ComingSoon’s Alyse Wax spoke to Stillwater star Camille Cottin about her role, the uniqueness of Marseille, and how the city had an impact on filming. Check out the video below or a transcript below.
Alyse Wax: So what drew you to this role in Stillwater?
Camille Cottin: I was really attracted to the character. I thought of her as an angel, as a modern angel, and it’s a very discreet angel because she’s a single mum … and I think this is a beautiful portrait of a woman standing on her feet. The fact that she does not discriminate Bill Baker for being who he is and where he comes from. She has no pre-judgment. So this is a personality that I was really sensitive to because I think she embodies a perspective of tolerance and openness. I like the relationship that she creates with the audience, she’s opening her door to Bill Baker and to the audience. It’s like she’s inviting everybody to sit at her table and this personality is something I really appreciate as a person.

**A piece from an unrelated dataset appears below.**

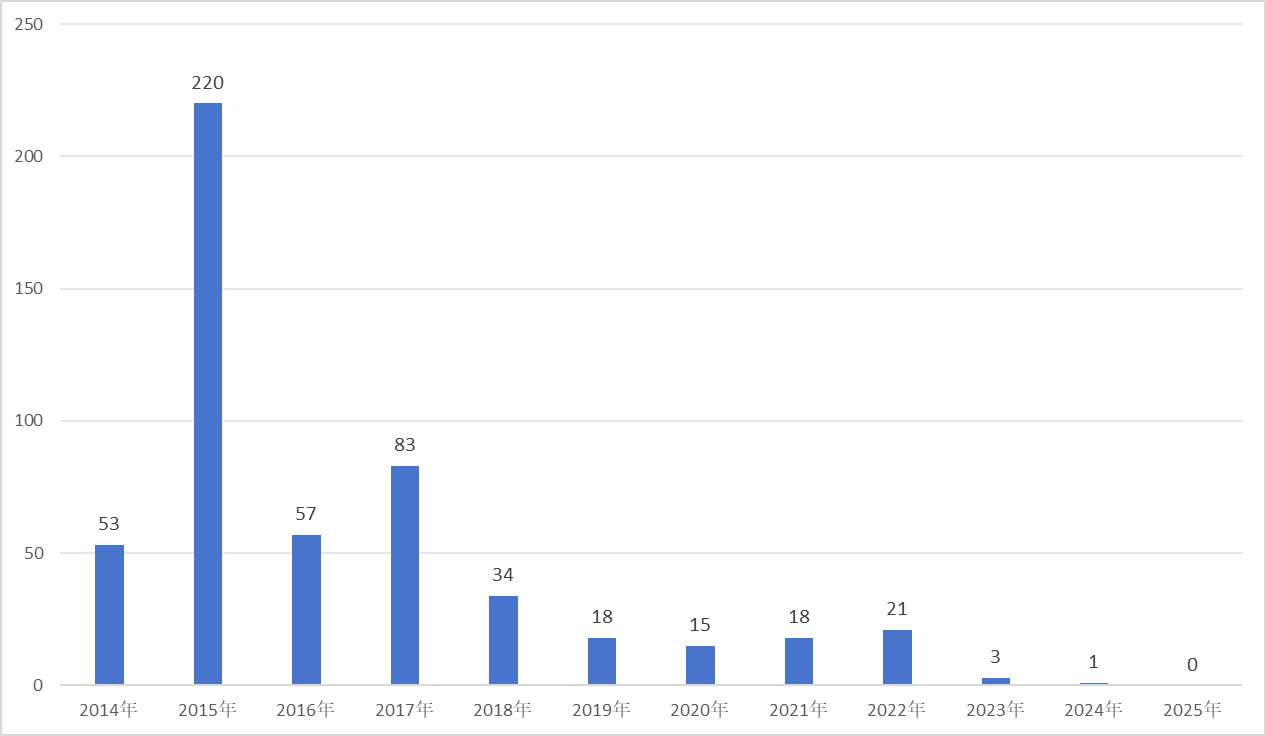 图:2025年注销的证券私募管理人备案时间分布情况(截至2025年12月31日更新) 数据来源:中基协、界面新闻整理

It’s interesting that you say that she was very opening to Bill because a lot of the characters in Marseille are kind of racist. Was that an interesting dichotomy for you to play against?
I think we have both, I think Marseille is an incredible city because it has a lot of cultural mix, and at the same time, it has a lot of racism and I think it was important to have another counterpoint because we have Bill’s point of view and perspective of races. When he says, well, I work with the guy with the guy like that, that’s racist. I work with guys like this all the time and I don’t care. So I think that Tom really depicted all of those people living together and the different faces of this living together.
Did you enjoy filming in France as opposed to traveling or did you miss that part of it?
I’m from Paris, so living in Marseille was the travel for me. It’s a city by the sea and the light is amazing. I enjoy very much living where my character lives and when it’s not my place, because it really helps getting into the stories. But it was exotic for me to be in Marseille almost as much as for Tom, Matt, and all the others.
Did that help you kind of prepare for your role, living in Marseille?
Yes, definitely. Which is funny, I was just living like two blocks away from the flat where all the scenes are. I shot the flat that belongs to Virginie and yes, definitely. I mean, you get inspired by the places you live in.